The antigay National Organization for Marriage is once again asking Republican presidential aspirants to support a constitutional amendment limiting marriage to opposite-sex couples, plus take other steps aimed at blocking marriage equality.
“Republicans need to not just give lip service to marriage,” NOM president Brian Brown told CNN Thursday. “By signing the pledge they are committing to concrete steps to protect marriage.”
Brown said the pledge would be sent this week to all declared Republican candidates, with a request that they return it within two weeks, and will be sent to others as they publicly announce their intention to seek the nomination. NOM circulated a similar pledge during the last presidential election cycle, and most GOP candidates signed it, including the eventual nominee, Mitt Romney.

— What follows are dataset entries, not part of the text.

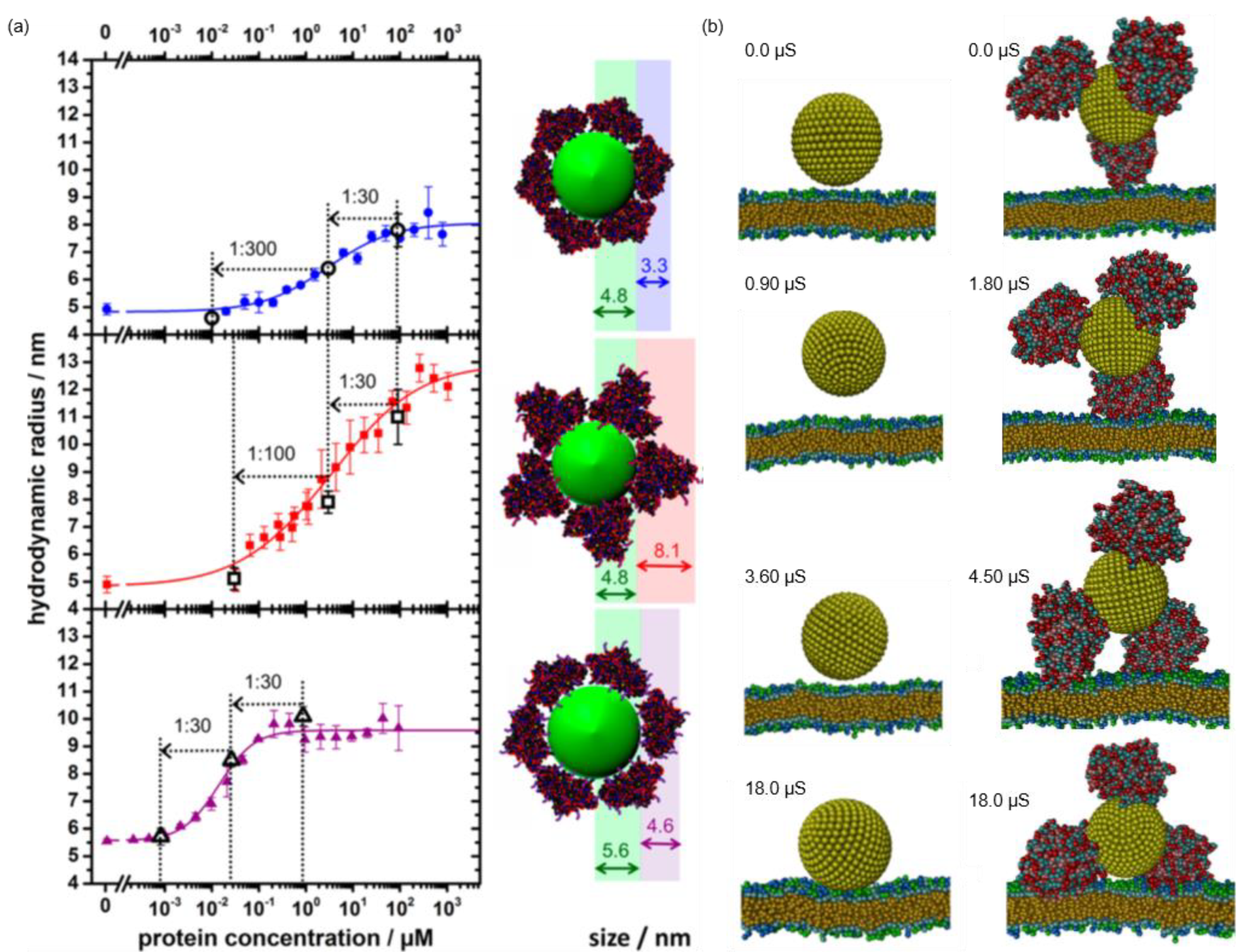Pharmaceutics 13 01551 g008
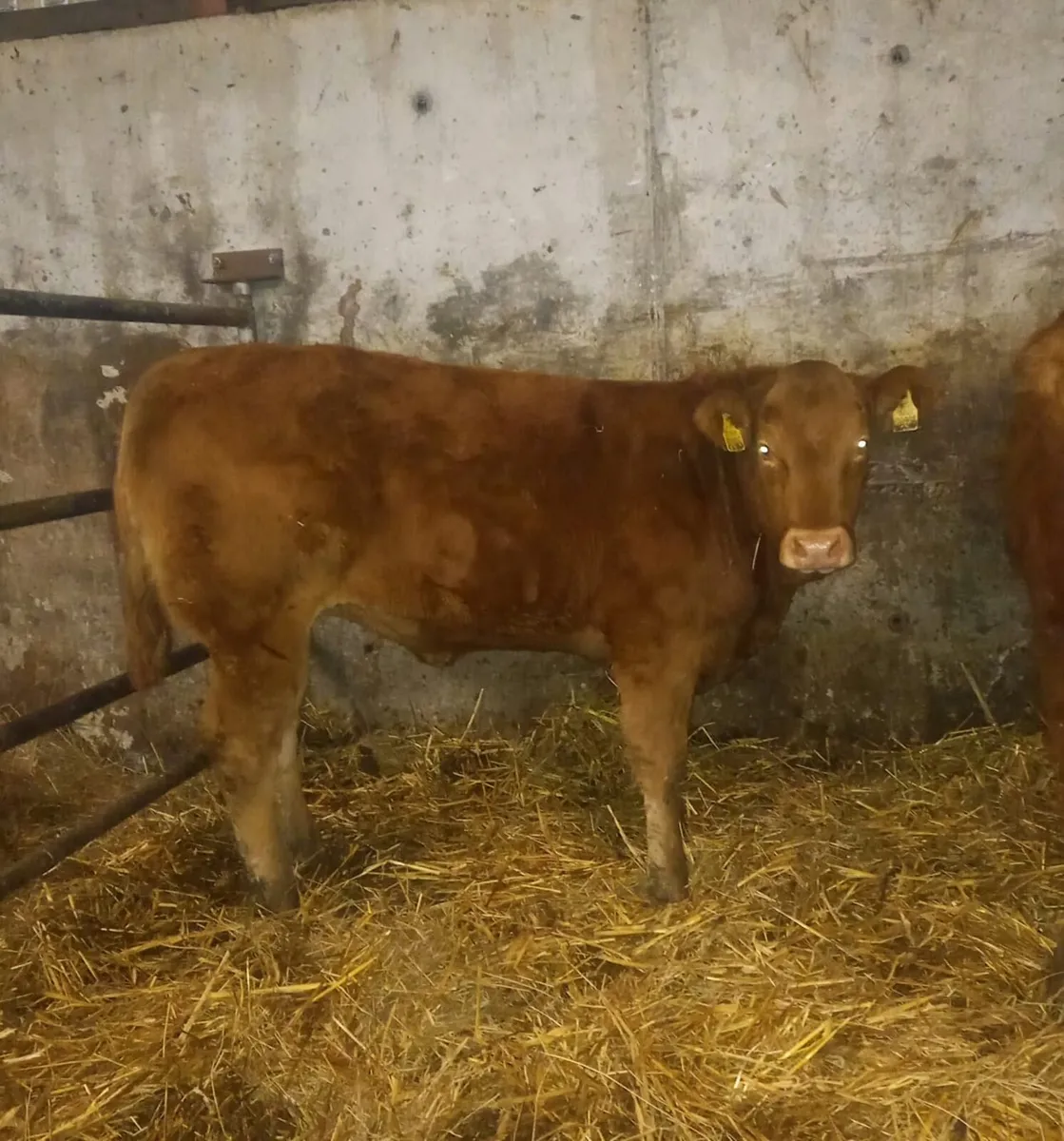 3 Super AI Bred Heifer Weanlings - Image 2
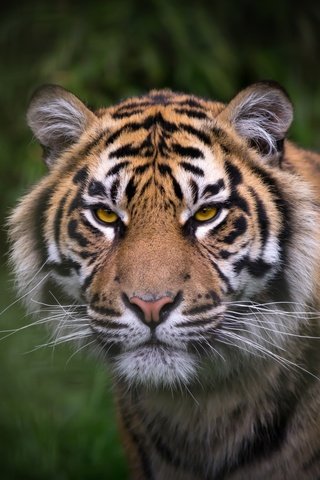 Обои тигр, взгляд, окрас, tiger, look, color разрешение 2400x1350 Загрузить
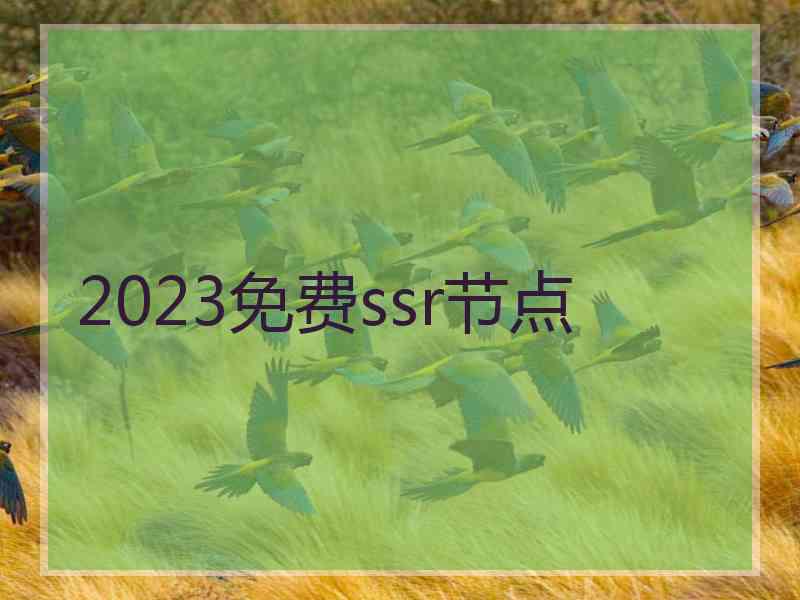 2023免费ssr节点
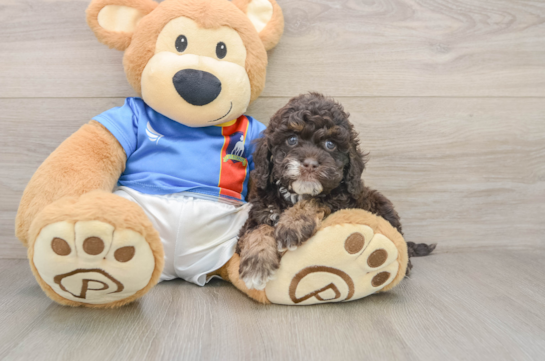 Small Cockapoo Baby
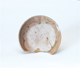 FileNo.109-511.jpg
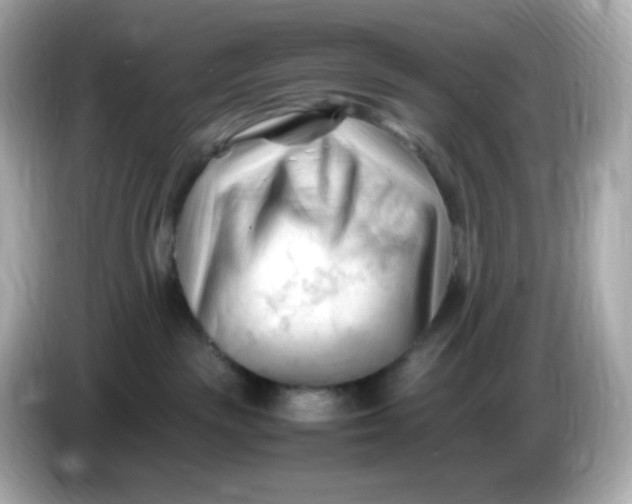 X0000086060189200704091235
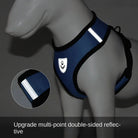 Hond - & Kattenharnas met Riem - Duke & Scoop
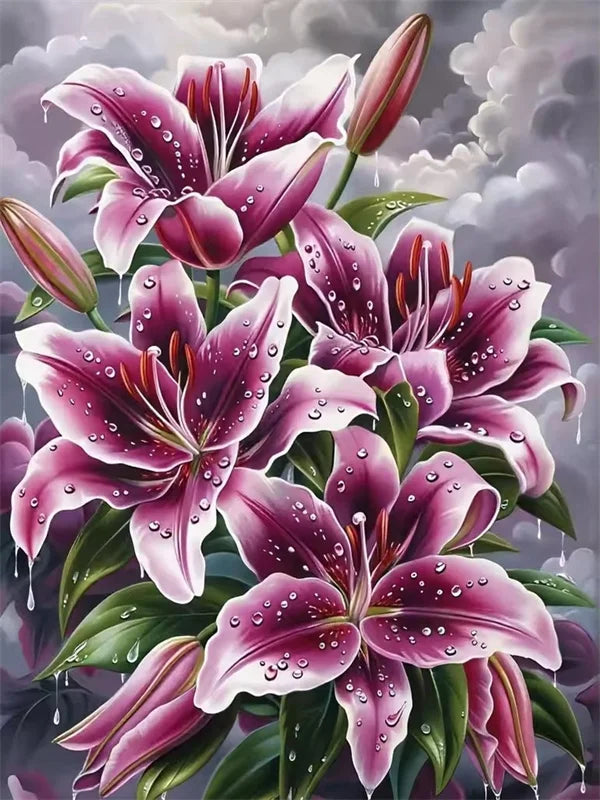Vibrant purple and pink lily flowers with dewdrops on lush green leaves.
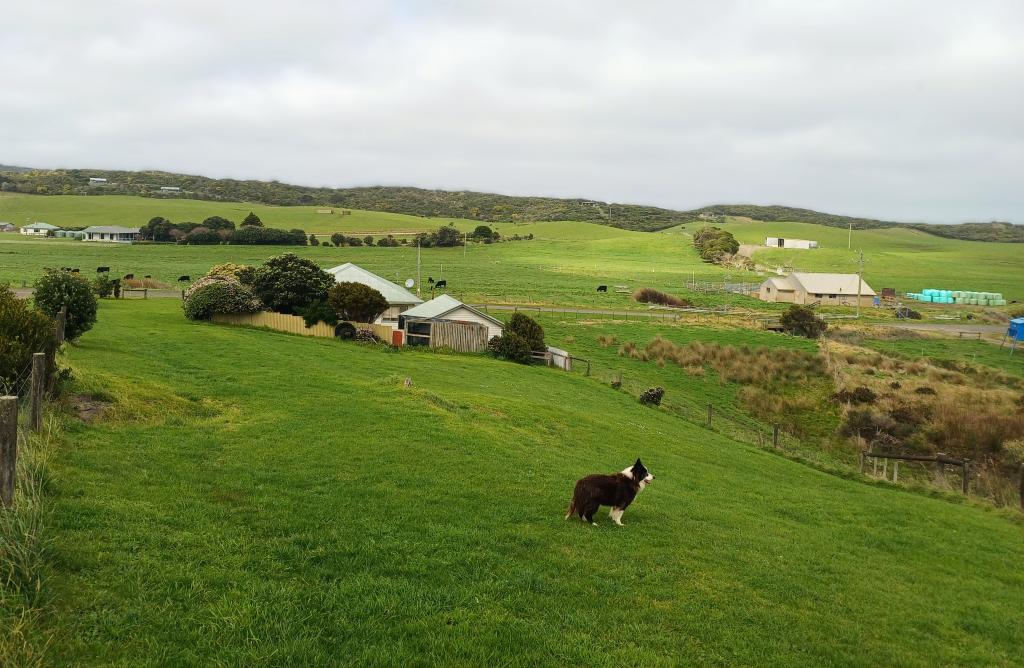 390 Red Johanna Rd, Johanna, VIC 3238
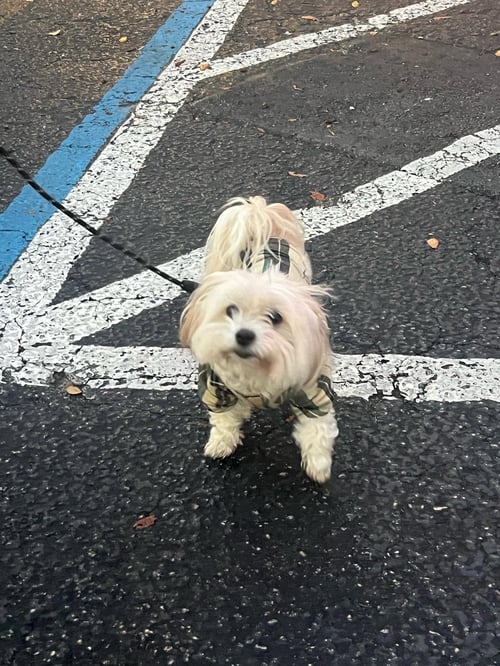 FLUFFY - Shih Tzu available for adoption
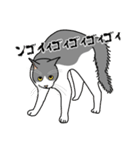 猫あるある（ハチワレ灰色猫／短毛）（個別スタンプ：37）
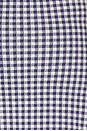 view 9 of 9 The Keepsake Tank Top in Navy Gingham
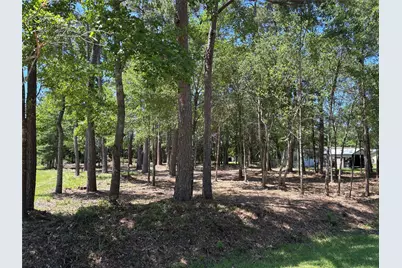 0 Bear Branch, Magnolia, TX 77354 - Photo 4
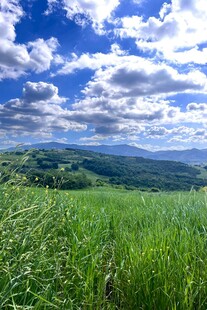 广袤绿野蓝天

The new pledge asks that candidates support a federal constitutional amendment defining marriage as the union of a man and a woman; oppose and work to overturn any Supreme Court decision for marriage equality; review and reverse Obama administration policies that provide federal government recognition to same-sex marriages; support the First Amendment Defense Act, a bill introduced in Congress this week that would allow businesses and individuals with religious objections to marriage equality to discriminate against same-sex couples without repercussions; and direct the Department of Justice to investigate cases of people being “harassed or threatened” for opposing marriage equality.
In reality, these actions would be difficult to carry out. Overturning Supreme Court decisions is no easy feat, and neither is amending the U.S. Constitution. “License to discriminate” legislation has proved unpopular. And most stories of harassment for opposing marriage equality have turned out to be apocryphal. But even with a majority of Americans supporting marriage equality and the high court likely to issue a favorable ruling, NOM is holding fast to its opposition and wants the Republican Party to do so as well.
“Our hope is that as many candidates as possible sign, but at the end of the day what we want is a champion for marriage, someone who will stand up and do what is necessary to protect it,” Brown told CNN. “So whether we end up having four candidates or 15, we are going to support he candidates that stand up and sign the pledge.”
Iowa-based Family Leader, which also asked GOP presidential candidates to sign an anti–marriage equality pledge in 2012, announced last month that it had no plans to do so in this election campaign, although it isn’t entirely abandoning the possibility. The pledge turned out to be “a distraction,” Family Leader CEO Bob Vander Plaats told The Des Moines Register in May, and the group instead will hold meetings with candidates leading up to the 2016 presidential caucus in the state.
In the last election cycle, several candidates signed the Family Leader pledge, which included numerous other points besides opposition to marriage equality, such as opposition to abortion and Islamic law, support of “robust childbearing and reproduction,” and an oath of marital fidelity. Romney, however, refused to sign the pledge, which one of his aides called “undignified and inappropriate for a presidential campaign.”